In terms of staging, in a more traditional opera, your attention is generally (but not always, I know!) guided around the stage and you’re shown by the director what’s important to see and when. But in this show, you’re not at all allowed to be lazy as an audience member. There’s no sitting back! One of the things I adore about Enda’s work is about the open-endedness of his narratives. He makes the audience work for it, and so many people who saw the piece came to me days and weeks later to say they were still decided how they wanted to interpret what they saw. In the theatre, there are lots of different things happening in a lot of different parts of the stage simultaneously.
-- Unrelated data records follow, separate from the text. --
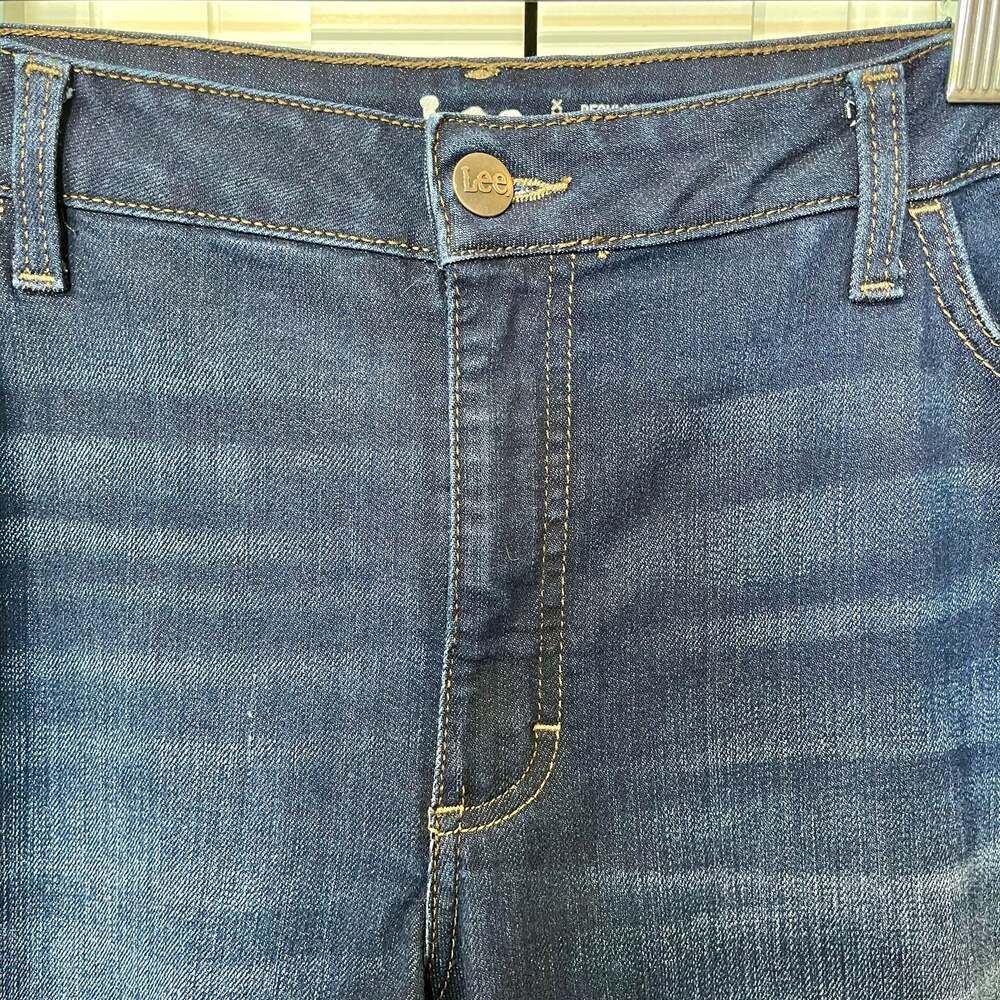 Lee Women's Regular Fit Straight Leg Mid Rise Dark Wash Jeans - Picture 3 of 9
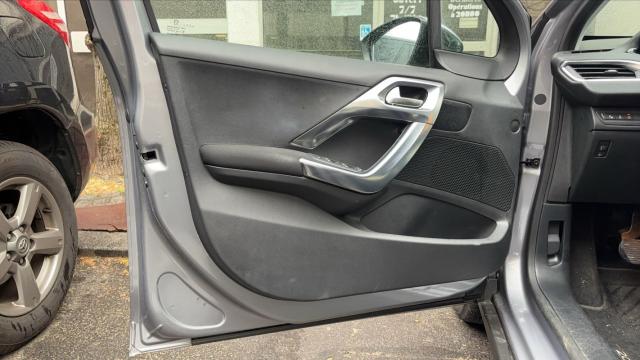 Peugeot 2008 image 6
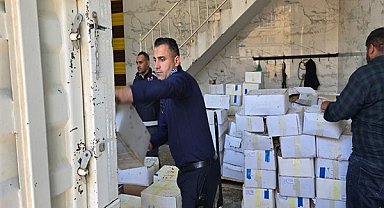 Şanlıurfa'da baklava imalatçısında tonlarca bozulmuş ceviz ele geçirildi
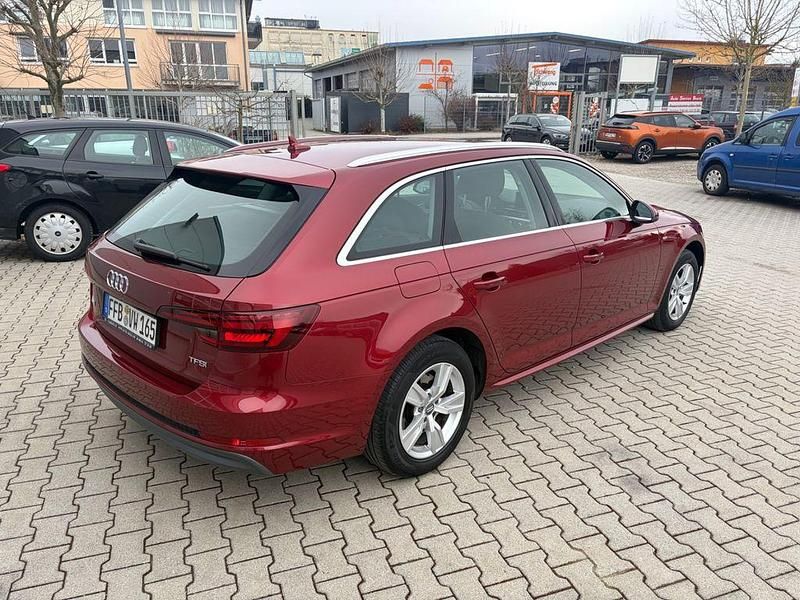 Gebraucht Audi A4 150 PS (110 kW) 2018 Rot Kombi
Someone could be singing in the corner and a fight could be going on the other side, or there’s something on the video screen, so two different people might take away two slightly different “versions” of the evening. As an audience member, you have to be very alert to take in the information that’s given. And as Ryan (conductor) in fact pointed out, the piece rewards multiple viewings.
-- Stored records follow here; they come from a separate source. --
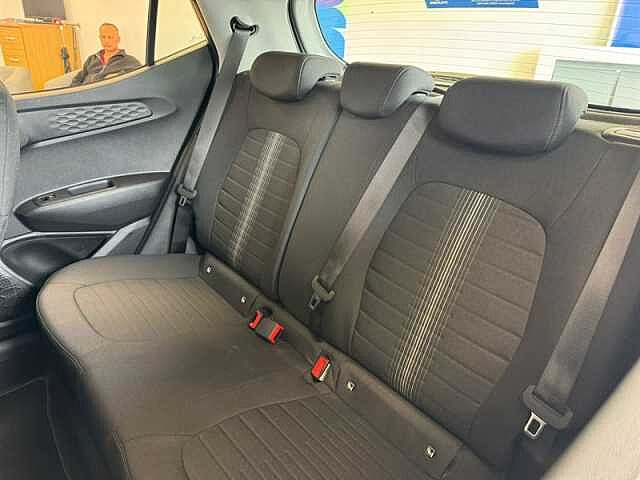 Hyundai I10 1.0 Advance Hatchback 5dr Petrol Manual Euro 6 (s/s) (63 ps) Grey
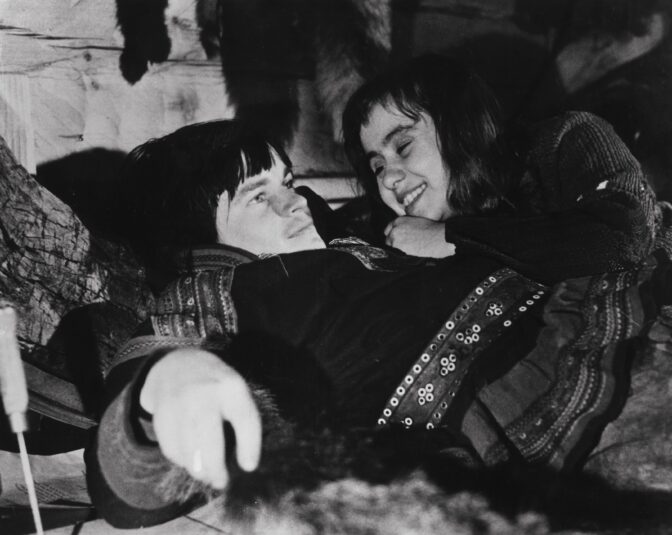 ”Terve vasikka paloiteltiin oikeasti” – Rauni Mollbergin julmat ohjausmetodit sisälsivät väkivaltaa ihmisiä ja eläimiä kohtaan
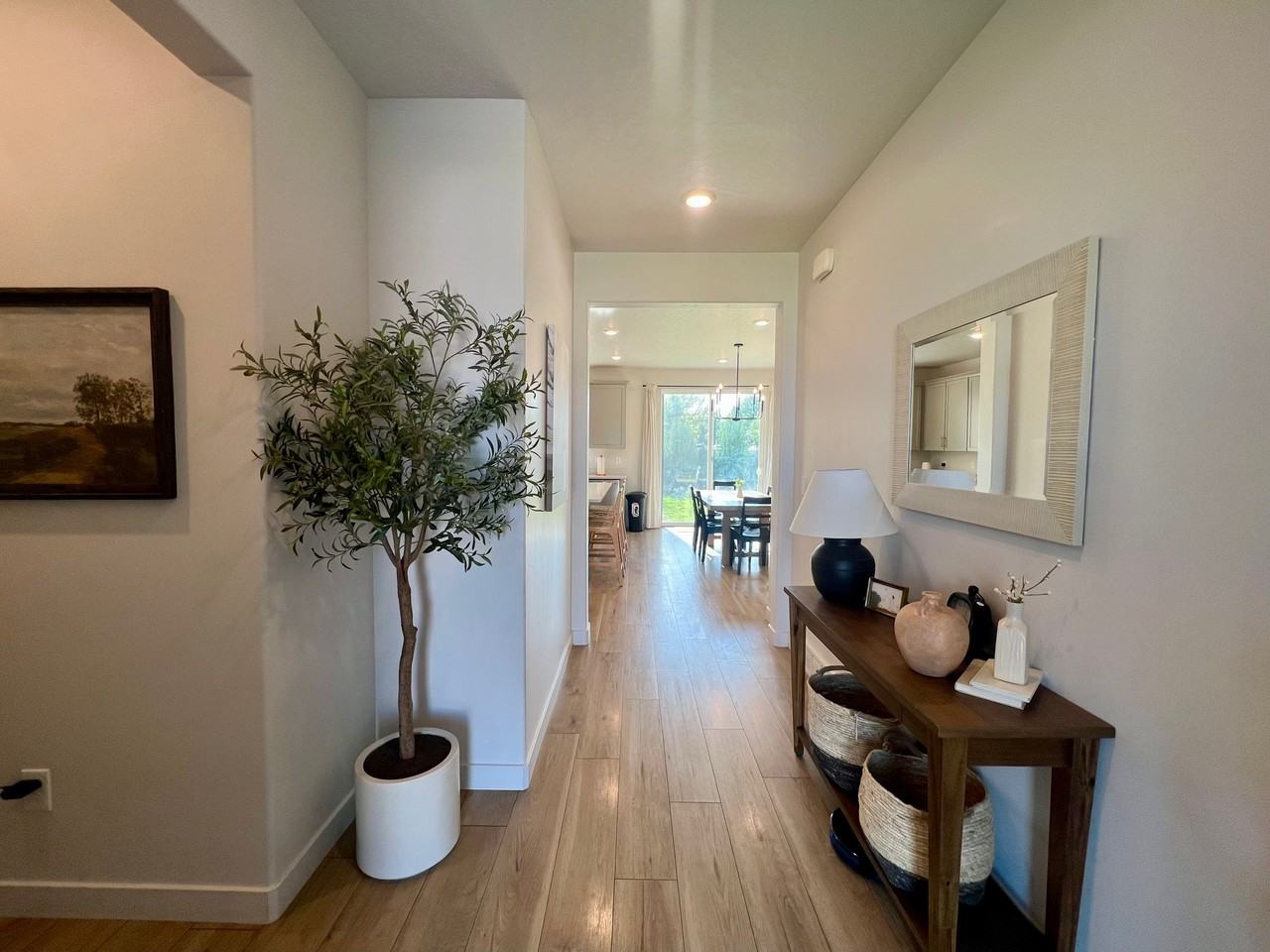 7629 N Pasture View Rd - Photo 2 of 50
What are your thoughts on the relationship between early music and contemporary music?
There’s a very strong relationship between early and new music. As it happens, at the moment, most of my performance career is divided between early and contemporary repertoires. I think both allow for a deeply personal artistic voice. There’s probably a little more background work to be done in both repertoires than with others, but this is ultimately so rewarding. In early music repertoire, with ornamentation in da Capos, for example, you can put your own stamp on the performance as an artist. There’s a similar individuality to getting to be the first person to sing a role. The really lovely thing about this particular opera: this is my second world premiere, but the first one that was written specifically with my voice in mind. Because you’re the first person to do it, there’s no YouTube playlist of great mezzo-sopranos doing this role. You, in conjunction with the composer and the conductor, and the orchestra and your singer colleagues, get to bring this piece of music to the world for the first time which is very exciting, and also deeply personal.